(PROVIDED RECORDS)
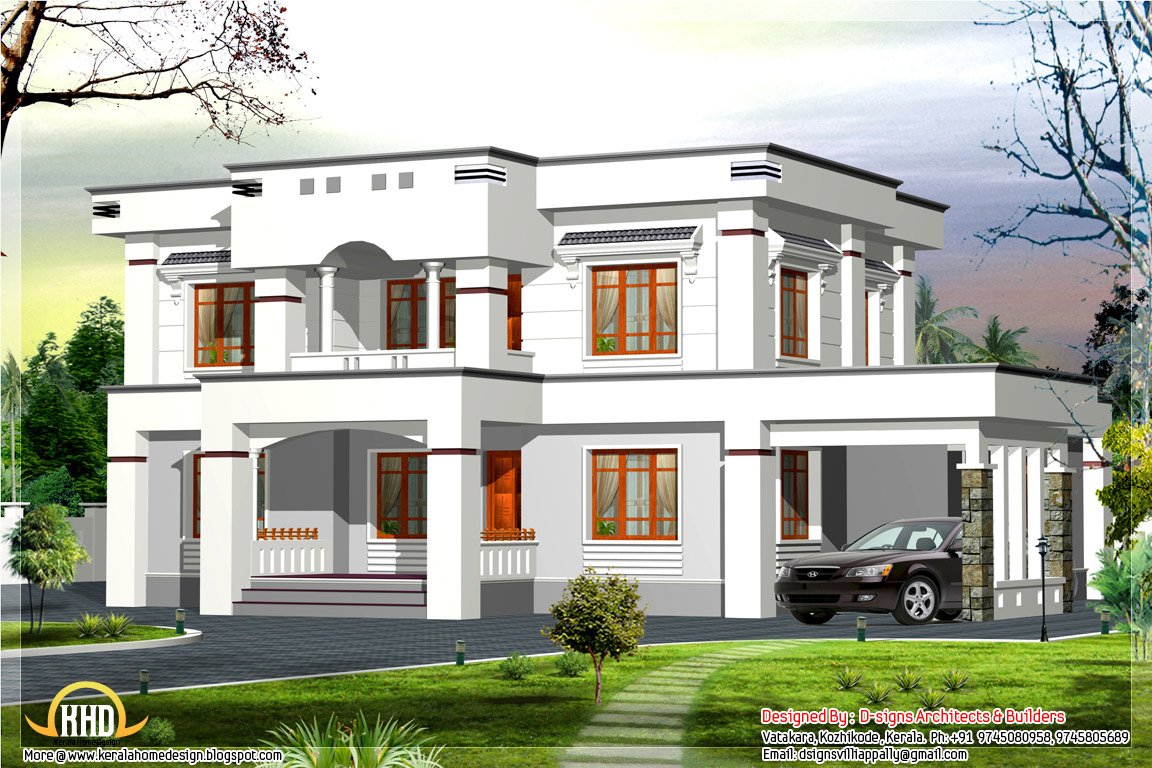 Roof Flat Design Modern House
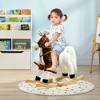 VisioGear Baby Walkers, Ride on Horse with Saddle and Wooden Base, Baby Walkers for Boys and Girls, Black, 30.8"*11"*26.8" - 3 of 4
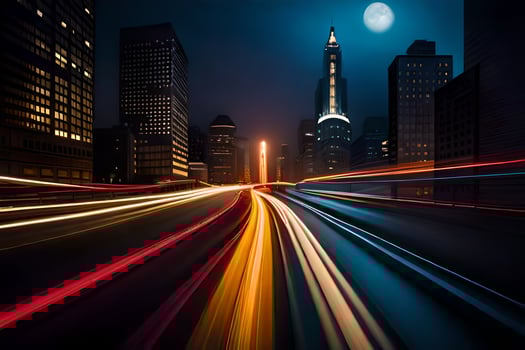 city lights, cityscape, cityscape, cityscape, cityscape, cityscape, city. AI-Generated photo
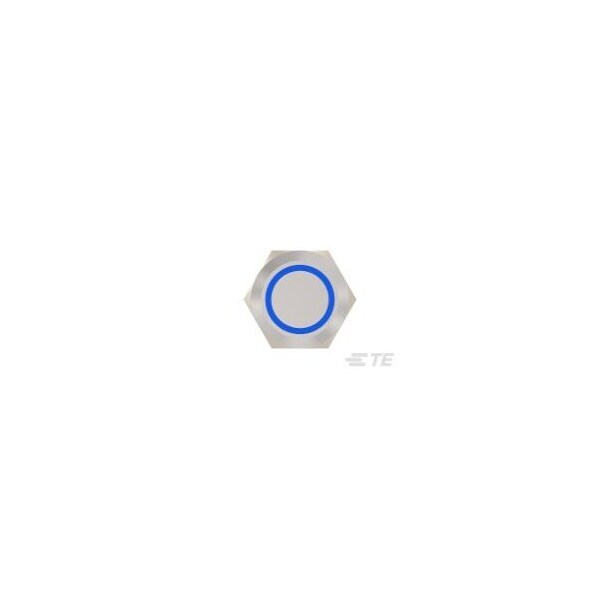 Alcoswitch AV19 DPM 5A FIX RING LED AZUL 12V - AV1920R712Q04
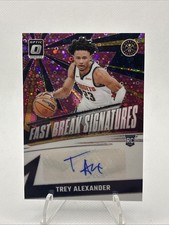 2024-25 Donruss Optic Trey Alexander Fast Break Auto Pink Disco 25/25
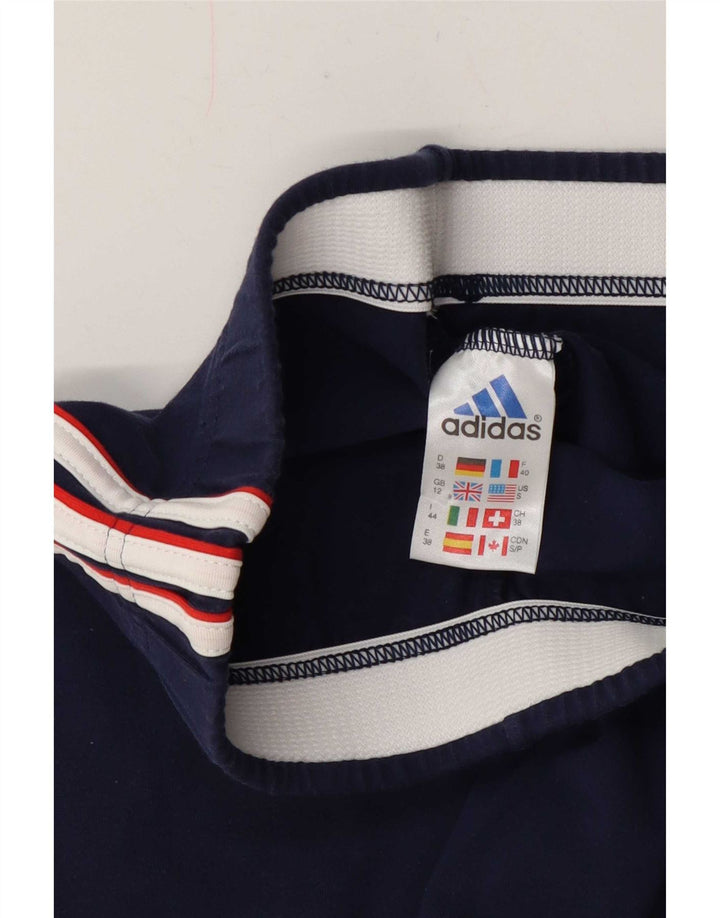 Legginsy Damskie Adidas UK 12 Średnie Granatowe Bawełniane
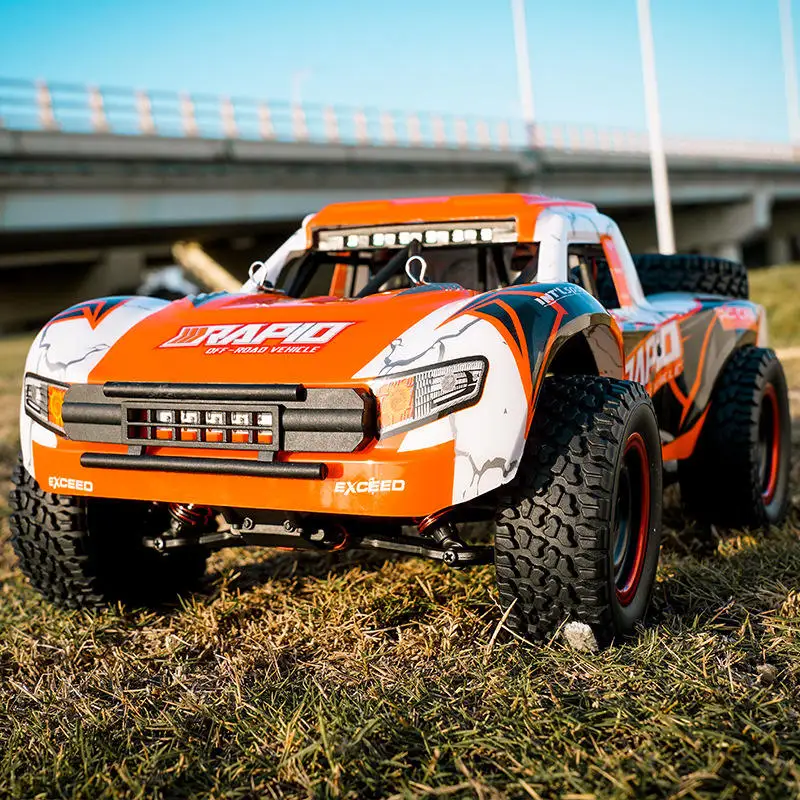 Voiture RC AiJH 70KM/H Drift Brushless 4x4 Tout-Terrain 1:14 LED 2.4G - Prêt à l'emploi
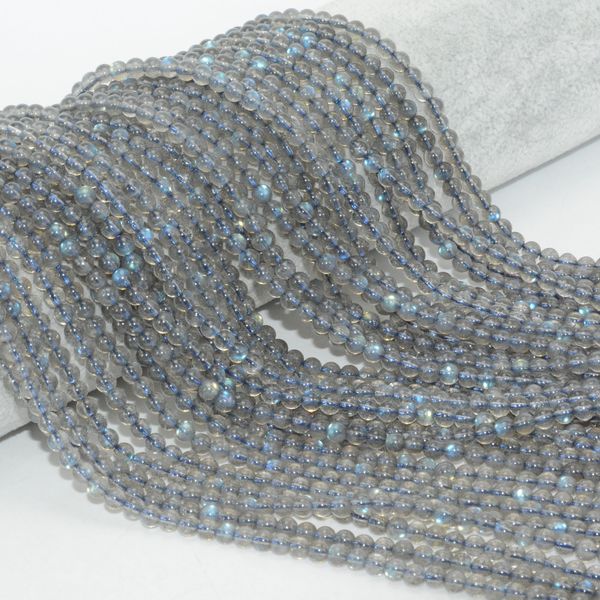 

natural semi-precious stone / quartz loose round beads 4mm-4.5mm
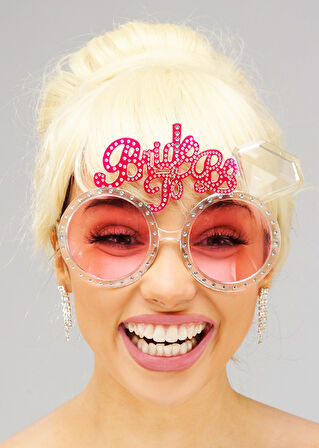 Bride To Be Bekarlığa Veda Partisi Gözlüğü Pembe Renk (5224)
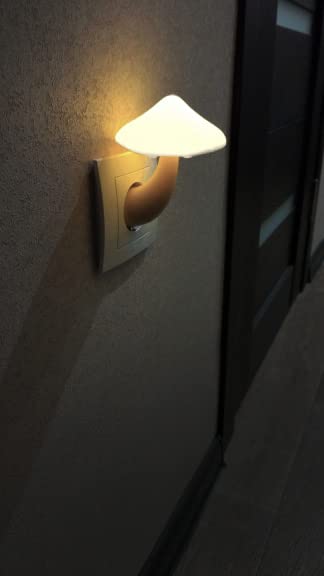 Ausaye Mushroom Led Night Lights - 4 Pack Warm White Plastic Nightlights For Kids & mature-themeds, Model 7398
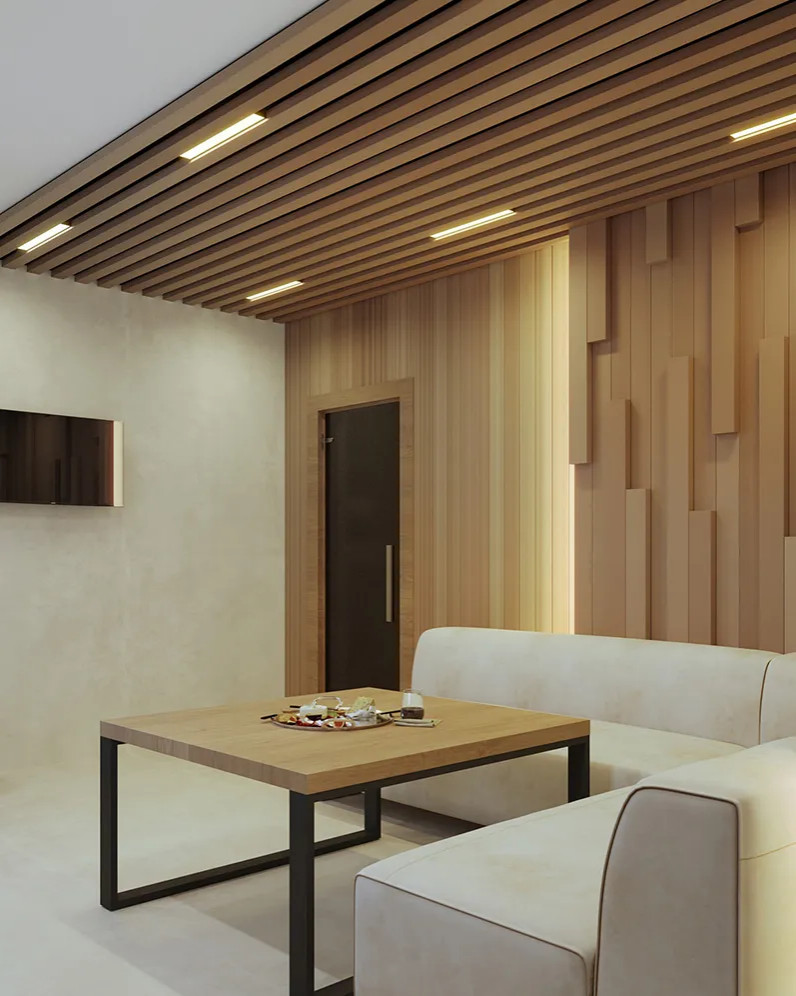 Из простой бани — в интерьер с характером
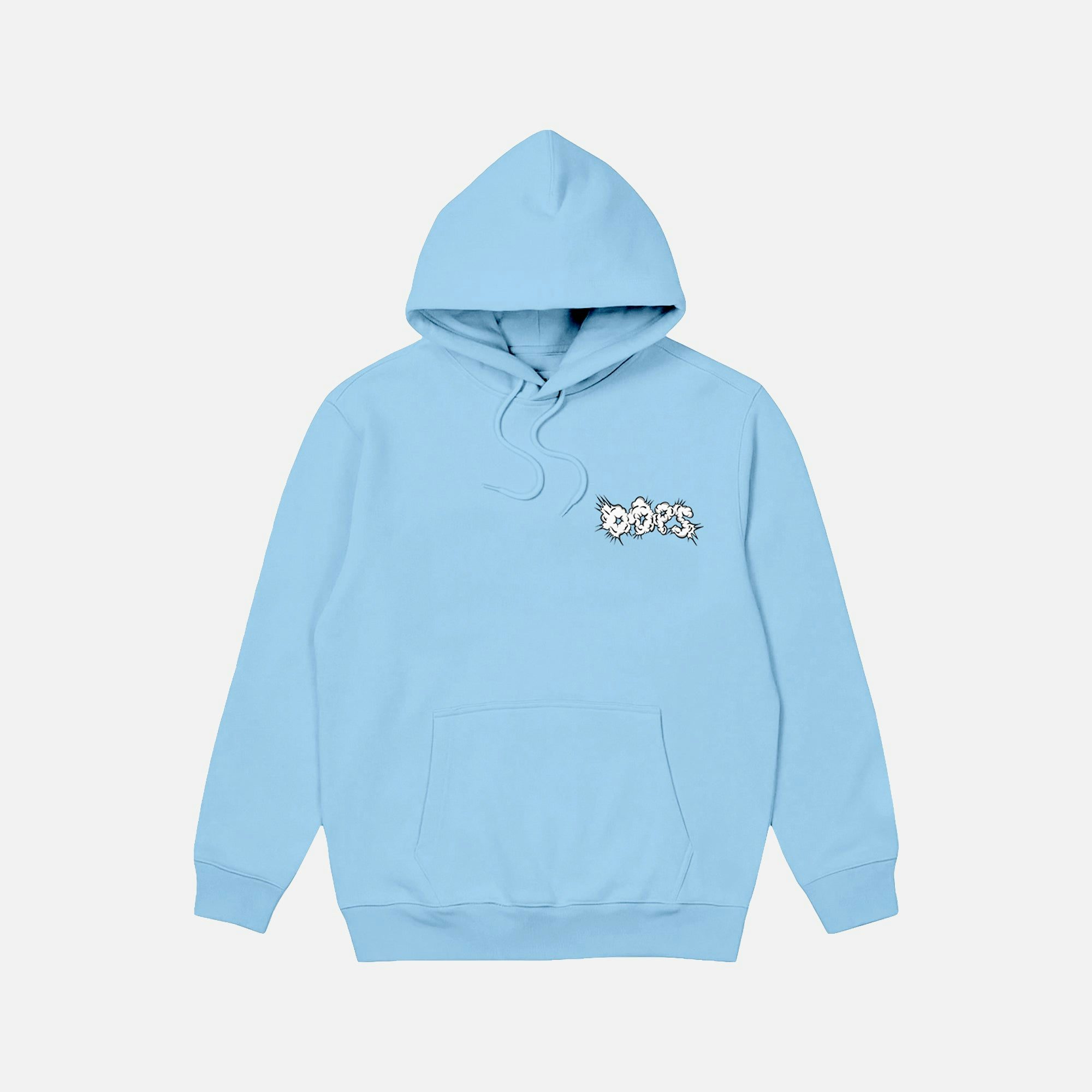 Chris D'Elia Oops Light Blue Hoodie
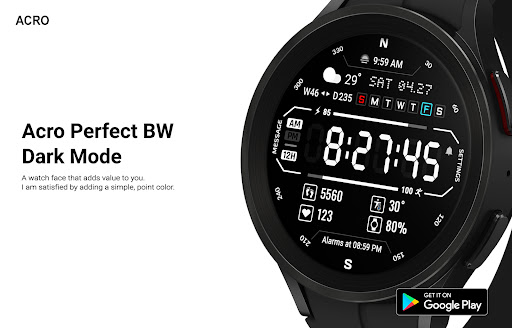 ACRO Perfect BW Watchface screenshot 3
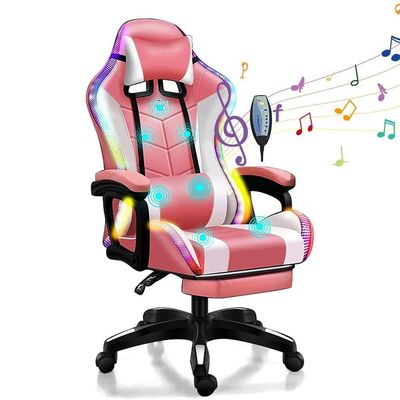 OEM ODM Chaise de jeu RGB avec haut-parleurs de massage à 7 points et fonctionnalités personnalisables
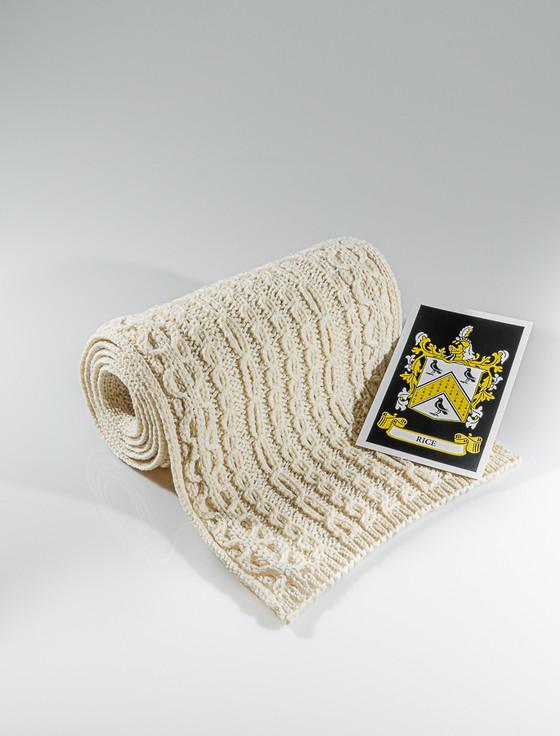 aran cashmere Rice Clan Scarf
(End PROVIDED RECORDS)
EXERCISE BRIEF: In the listing above, find the line with "Legginsy Damskie Adidas" and the line with "Ausaye Mushroom Led". Copy both of them and every line between, exactly, but not the pictures.

ANSWER SPACE:
 Legginsy Damskie Adidas UK 12 Średnie Granatowe Bawełniane
 Voiture RC AiJH 70KM/H Drift Brushless 4x4 Tout-Terrain 1:14 LED 2.4G - Prêt à l'emploi

natural semi-precious stone / quartz loose round beads 4mm-4.5mm
 Bride To Be Bekarlığa Veda Partisi Gözlüğü Pembe Renk (5224)
 Ausaye Mushroom Led Night Lights - 4 Pack Warm White Plastic Nightlights For Kids & mature-themeds, Model 7398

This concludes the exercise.